Kolumne Robotik, Recht, Risiko: Predictive Maintenance und der Black-Box-Effekt

Kolumne Robotik, Recht, Risiko

Predictive Maintenance und der Black-Box-Effekt

Die Zeit der starren Wartungspläne geht ihrem Ende entgegen – zu unflexibel, zu teuer, zu riskant, denn entweder erfolgt der Austausch von Verschleißteilen unnötig oder er kommt zu spät. Predictive Maintenance, also vorausschauende Wartung, heißt hier das Zauberwort.

 (Bild: Noerr Partnerschaftsgesellschaft mbB)

Dr. Torsten Kraul ist Rechtsanwalt und Partner der Kanzlei Noerr. Er ist Co-Leiter des Bereichs Digital Business. (Bild: Noerr Partnerschaftsgesellschaft mbB)

Bei der vorausschauenden Wartung erfolgt ein stetiger Abgleich der durch Sensorik erfassten Daten einer konkreten Maschine mit ihrem digitalen Zwilling, also seiner digitalen Repräsentation. Dieser bildet auf Grundlage der Analyse großer Datenmengen mittels künstlicher Intelligenz durch maschinelles Lernen und Deep Learning für die Beurteilung der Wartungsentscheidung maßgebliche Parameter ab. Nur wenn aufgrund dieser Erfahrungswerte die Voraussetzungen vorliegen, wird die Wartung in Auftrag gegeben.

Freilich kann die Prognoseentscheidung unzutreffend sein und etwa trotz grünen Lichts eine Maschine einen Verschleißschaden erleiden und dadurch die gesamte Produktion lahmlegen. In diesen Fällen stellt sich die Haftungsfrage, die eine genaue Fehleranalyse erfordert. Häufig ist man nun mit einem Spezifikum der künstlichen Intelligenz konfrontiert: Im Rahmen autonom lernender Systeme können künstliche neuronale Netzwerke eingesetzt werden, die auf Grundlage unstrukturierter (Input-)Daten in der Lage sind, selbsttätig Zusammenhänge zu erkennen. Hieraus generiert der Algorithmus in einem Deep-Learning-Prozess Erkenntnisse (Output), die weder die ursprünglichen Daten, noch ihre Gewichtung oder sonstige Schritte des Verarbeitungsprozesses erkennen lassen. In diesem Zusammenhang wird vom Black-Box-Effekt gesprochen.
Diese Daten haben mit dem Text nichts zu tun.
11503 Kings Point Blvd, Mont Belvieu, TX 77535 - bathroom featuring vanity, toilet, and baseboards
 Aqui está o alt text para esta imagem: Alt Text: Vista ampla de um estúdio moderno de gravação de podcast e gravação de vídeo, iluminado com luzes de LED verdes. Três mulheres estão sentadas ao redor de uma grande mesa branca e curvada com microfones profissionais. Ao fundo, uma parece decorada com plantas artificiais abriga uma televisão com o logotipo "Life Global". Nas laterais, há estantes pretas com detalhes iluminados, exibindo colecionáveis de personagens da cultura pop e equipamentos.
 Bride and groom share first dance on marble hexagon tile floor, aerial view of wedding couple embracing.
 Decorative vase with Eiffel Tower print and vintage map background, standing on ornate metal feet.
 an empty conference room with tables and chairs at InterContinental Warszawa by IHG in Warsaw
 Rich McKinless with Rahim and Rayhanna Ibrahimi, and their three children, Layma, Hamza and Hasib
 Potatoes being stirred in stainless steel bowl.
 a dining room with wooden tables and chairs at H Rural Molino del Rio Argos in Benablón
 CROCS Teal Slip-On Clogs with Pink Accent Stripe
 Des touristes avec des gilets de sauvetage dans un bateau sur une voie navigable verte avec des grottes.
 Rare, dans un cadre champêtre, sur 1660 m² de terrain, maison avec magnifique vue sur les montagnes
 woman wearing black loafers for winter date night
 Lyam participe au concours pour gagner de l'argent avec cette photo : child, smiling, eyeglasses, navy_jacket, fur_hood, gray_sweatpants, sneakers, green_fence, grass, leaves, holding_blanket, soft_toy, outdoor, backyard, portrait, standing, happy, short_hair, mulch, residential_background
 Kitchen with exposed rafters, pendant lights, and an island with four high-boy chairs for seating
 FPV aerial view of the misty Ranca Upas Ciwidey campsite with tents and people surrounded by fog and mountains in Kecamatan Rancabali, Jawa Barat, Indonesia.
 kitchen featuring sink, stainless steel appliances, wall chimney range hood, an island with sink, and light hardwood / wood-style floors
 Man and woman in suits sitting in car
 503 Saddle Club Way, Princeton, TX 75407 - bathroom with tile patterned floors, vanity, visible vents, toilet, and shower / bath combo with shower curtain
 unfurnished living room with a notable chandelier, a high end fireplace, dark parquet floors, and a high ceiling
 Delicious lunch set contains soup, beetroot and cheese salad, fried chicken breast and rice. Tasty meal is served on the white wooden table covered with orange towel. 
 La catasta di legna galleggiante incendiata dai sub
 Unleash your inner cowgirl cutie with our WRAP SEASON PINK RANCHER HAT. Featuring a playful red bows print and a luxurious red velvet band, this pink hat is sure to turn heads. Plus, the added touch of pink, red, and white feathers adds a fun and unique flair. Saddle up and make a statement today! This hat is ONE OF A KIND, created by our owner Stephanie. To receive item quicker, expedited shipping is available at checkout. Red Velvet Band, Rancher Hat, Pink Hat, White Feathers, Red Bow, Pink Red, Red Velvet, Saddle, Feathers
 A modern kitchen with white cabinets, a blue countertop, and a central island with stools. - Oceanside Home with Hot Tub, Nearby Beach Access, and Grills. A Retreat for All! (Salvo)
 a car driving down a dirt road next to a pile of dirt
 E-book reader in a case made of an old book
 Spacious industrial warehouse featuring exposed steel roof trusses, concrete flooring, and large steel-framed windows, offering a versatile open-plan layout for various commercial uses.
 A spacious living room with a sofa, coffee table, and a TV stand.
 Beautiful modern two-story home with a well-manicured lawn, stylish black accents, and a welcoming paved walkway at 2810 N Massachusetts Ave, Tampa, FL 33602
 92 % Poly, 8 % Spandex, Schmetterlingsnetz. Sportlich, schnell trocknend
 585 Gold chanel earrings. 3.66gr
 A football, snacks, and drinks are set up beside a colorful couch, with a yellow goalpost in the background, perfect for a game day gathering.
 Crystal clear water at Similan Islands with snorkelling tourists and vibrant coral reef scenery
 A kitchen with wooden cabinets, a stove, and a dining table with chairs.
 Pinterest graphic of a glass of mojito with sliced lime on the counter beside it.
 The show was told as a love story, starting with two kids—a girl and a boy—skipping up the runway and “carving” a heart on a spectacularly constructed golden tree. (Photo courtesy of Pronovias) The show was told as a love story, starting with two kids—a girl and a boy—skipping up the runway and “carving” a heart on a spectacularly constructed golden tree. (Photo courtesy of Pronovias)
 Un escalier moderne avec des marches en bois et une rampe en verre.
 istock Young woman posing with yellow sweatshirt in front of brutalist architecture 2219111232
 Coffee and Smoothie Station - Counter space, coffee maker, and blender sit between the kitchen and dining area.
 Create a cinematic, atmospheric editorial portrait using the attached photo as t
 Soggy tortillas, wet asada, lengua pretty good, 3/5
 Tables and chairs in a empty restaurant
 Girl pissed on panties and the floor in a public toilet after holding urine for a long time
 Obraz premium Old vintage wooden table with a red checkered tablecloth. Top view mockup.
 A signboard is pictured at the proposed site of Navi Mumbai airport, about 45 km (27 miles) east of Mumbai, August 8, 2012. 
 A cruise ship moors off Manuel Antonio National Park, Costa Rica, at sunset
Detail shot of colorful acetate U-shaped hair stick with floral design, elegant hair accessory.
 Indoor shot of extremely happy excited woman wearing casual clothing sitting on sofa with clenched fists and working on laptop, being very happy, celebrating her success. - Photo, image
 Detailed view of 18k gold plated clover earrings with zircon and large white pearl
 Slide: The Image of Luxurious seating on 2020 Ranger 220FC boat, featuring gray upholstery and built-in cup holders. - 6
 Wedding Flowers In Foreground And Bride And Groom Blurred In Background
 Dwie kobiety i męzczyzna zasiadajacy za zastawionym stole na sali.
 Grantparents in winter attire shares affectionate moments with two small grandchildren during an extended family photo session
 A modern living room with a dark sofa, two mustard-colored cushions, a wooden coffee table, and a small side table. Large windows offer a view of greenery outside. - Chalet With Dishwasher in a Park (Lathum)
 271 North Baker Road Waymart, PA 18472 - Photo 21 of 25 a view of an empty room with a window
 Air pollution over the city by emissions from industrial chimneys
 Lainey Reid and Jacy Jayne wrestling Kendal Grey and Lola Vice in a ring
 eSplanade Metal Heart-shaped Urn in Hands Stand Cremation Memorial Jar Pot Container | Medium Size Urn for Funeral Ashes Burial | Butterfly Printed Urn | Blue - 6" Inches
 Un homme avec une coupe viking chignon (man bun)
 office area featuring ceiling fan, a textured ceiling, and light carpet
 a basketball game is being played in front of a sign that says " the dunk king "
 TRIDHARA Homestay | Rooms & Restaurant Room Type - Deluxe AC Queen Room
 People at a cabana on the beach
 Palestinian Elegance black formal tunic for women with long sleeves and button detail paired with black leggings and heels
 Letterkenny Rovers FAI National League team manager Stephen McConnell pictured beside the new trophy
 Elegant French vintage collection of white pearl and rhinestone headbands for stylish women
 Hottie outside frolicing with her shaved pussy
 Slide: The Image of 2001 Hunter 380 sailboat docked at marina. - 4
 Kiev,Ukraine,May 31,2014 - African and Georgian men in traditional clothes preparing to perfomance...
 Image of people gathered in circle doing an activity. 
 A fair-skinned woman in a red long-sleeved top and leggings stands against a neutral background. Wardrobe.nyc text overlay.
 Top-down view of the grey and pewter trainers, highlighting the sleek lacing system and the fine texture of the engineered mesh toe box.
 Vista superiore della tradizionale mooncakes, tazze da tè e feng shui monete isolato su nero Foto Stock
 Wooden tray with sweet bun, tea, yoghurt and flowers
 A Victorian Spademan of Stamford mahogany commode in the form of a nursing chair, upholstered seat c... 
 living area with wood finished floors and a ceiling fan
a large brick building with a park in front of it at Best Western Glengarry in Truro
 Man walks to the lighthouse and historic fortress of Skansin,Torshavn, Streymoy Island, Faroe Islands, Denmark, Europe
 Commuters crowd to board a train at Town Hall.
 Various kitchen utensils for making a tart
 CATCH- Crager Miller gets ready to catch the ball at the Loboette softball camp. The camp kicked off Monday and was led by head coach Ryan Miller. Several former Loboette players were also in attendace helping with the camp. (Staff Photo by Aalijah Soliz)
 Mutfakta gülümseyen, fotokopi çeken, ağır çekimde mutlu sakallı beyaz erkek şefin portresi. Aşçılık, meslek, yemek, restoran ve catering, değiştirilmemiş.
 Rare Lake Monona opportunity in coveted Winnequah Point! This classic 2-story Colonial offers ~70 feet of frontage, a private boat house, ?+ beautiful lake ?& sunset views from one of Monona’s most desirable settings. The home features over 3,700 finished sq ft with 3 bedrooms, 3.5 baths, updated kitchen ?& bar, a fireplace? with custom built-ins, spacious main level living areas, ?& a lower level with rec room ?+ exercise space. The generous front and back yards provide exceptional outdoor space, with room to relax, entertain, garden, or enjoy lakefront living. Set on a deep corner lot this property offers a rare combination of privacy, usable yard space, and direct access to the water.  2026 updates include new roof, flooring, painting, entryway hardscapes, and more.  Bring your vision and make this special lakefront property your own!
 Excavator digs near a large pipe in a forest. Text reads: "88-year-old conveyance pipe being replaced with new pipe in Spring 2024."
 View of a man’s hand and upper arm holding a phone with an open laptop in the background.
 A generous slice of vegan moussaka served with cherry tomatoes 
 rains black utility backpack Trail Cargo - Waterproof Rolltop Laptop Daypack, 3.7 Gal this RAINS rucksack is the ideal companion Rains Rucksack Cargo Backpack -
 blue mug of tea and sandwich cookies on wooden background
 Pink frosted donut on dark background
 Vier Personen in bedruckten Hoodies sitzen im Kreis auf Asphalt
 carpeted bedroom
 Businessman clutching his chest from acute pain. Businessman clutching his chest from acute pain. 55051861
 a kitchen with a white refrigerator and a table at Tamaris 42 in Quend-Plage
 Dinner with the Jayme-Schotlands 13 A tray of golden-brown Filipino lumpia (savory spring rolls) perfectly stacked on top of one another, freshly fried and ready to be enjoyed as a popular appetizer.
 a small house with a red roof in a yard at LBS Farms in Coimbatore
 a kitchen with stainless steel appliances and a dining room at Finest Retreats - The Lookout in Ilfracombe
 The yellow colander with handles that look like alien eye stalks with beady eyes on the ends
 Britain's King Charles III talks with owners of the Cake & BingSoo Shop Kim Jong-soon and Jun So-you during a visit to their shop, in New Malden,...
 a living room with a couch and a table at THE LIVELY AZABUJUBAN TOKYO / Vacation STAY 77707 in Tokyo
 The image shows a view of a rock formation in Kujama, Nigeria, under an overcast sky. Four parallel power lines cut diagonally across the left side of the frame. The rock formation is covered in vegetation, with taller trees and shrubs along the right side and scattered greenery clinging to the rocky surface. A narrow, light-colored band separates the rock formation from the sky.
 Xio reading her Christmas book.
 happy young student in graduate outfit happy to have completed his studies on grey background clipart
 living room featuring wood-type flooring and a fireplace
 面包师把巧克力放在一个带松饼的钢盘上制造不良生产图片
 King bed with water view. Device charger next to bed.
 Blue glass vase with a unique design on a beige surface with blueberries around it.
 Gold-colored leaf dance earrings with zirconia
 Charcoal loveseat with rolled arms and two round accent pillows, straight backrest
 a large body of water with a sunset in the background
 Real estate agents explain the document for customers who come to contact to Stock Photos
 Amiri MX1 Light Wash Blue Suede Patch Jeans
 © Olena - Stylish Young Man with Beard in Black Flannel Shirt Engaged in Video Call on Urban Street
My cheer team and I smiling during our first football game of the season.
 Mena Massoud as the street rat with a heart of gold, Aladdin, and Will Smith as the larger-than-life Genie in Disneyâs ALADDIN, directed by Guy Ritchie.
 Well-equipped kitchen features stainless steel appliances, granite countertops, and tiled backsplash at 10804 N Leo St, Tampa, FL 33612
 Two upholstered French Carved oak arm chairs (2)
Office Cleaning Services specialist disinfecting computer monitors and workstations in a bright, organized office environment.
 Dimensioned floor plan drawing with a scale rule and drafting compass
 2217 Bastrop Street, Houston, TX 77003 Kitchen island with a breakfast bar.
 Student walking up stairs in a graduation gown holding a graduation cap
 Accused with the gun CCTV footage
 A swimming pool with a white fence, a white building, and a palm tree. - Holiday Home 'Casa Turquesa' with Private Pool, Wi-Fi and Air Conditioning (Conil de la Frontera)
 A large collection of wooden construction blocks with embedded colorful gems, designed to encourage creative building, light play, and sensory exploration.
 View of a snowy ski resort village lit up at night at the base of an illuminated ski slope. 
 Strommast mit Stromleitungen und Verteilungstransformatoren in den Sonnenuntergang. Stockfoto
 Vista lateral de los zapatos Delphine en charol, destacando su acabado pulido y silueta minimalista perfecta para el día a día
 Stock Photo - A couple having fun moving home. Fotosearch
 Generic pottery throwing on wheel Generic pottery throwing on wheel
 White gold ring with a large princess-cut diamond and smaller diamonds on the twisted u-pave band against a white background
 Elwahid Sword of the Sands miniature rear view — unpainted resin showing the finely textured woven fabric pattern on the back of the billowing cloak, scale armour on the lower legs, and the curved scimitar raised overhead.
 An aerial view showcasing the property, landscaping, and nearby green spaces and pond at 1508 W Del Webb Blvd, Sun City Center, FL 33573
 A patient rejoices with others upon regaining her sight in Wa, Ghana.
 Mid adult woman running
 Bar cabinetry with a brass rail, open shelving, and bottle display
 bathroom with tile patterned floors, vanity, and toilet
Der Black-Box-Effekt stellt den Nutzer einer Anwendung künstlicher Intelligenz also mitunter vor erhebliche Beweisprobleme, denn sein Regress gegen den Anbieter wird in der Regel davon abhängen, ob er einen Fehler oder Mangel bzw., soweit erforderlich, Verschulden des Anbieters darlegen kann. Die Schwierigkeiten beginnen dabei bereits damit, dass der Anwender den Ablauf des konkreten Entscheidungsprozesses innerhalb der Software nicht wird nachvollziehen können. Ferner fehlt ihm der Zugang zu den zur Herausbildung des digitalen Zwillings verwendeten Input-Daten und wie diese dessen Ausgestaltung beeinflusst haben. Zudem handelt es sich hierbei üblicherweise nicht um einen mit der Bereitstellung der Anwendung abgeschlossenen Prozess, sondern diese wird vielmehr aufgrund neuerer Daten immer weiter trainiert und entwickelt.

Diesen Herausforderungen kann durch teils technische, teils rechtliche Mittel begegnet werden. So etablieren sich Dienstleister, die sich auf die Entschlüsselung von algorithmischen Vorgängen spezialisieren, allerdings führt der Einsatz solcher Leistungen zu erheblichen Kosten. Andererseits kann der Nutzer vertragliche Regelungen mit dem Anbieter treffen. So können die Anforderungen an die Anwendung konkret beschrieben und dem Anbieter die Verantwortlichkeit dafür auferlegt werden, die Ordnungsmäßigkeit zu beweisen. Ferner kann der Anbieter zu einer umfassenden, beweiskräftigen Dokumentation der Datenverarbeitung verpflichtet werden. Zur Wahl stehen hier (qualifiziert) signierte Logs und Protokolle. Um sich nicht in der Black-Box der KI-Anwendung zu verlieren, bedarf es also besonderer Vorkehrungen. Ob diese freilich durchgesetzt werden können, hängt entscheiden vom Verhandlungsgeschick des Anwenders ab.